Work to be completed.
Give back exactly the lines of the entries below from the line with "Strapless Corset Maxi" to the line with "Best Il Marchesato", inclusive, and only those.

[Supplied material Boundary: Start]

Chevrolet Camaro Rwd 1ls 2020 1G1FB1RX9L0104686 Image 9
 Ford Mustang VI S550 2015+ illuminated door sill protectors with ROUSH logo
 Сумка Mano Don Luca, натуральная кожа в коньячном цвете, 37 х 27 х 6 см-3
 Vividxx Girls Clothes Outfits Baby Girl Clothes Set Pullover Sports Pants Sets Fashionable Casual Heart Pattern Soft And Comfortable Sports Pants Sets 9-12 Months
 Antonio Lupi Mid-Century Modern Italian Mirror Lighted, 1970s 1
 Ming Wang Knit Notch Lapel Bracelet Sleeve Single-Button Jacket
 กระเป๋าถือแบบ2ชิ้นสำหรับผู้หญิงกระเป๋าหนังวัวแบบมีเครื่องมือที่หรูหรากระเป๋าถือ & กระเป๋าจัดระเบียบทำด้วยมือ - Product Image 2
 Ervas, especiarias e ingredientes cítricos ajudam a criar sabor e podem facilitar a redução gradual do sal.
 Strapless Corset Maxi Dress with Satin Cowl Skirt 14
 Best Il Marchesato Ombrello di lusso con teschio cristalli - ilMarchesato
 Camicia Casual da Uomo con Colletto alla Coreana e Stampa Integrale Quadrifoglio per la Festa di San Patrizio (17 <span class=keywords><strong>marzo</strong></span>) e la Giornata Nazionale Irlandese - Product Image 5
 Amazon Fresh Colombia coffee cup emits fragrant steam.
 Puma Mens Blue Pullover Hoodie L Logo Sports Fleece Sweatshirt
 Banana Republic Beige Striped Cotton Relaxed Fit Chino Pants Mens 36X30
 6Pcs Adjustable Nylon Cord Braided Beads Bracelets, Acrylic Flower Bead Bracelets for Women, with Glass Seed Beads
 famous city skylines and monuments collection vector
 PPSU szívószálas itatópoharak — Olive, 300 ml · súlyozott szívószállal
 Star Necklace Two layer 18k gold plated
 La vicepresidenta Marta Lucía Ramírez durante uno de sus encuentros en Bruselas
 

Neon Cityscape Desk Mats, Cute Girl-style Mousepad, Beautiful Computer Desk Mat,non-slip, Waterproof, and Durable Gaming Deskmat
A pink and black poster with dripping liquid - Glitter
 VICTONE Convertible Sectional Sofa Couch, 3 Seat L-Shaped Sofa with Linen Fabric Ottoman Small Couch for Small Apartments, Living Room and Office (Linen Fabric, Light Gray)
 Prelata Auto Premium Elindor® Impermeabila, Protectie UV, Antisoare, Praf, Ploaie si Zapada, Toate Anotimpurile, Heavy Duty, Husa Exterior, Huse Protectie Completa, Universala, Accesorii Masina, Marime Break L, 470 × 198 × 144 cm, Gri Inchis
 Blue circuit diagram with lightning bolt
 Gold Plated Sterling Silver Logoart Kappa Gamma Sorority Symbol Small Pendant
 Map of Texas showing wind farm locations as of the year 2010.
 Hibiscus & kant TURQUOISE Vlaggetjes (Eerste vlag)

[Supplied material Boundary: End]

Exercise output.
 Strapless Corset Maxi Dress with Satin Cowl Skirt 14
 Best Il Marchesato Ombrello di lusso con teschio cristalli - ilMarchesato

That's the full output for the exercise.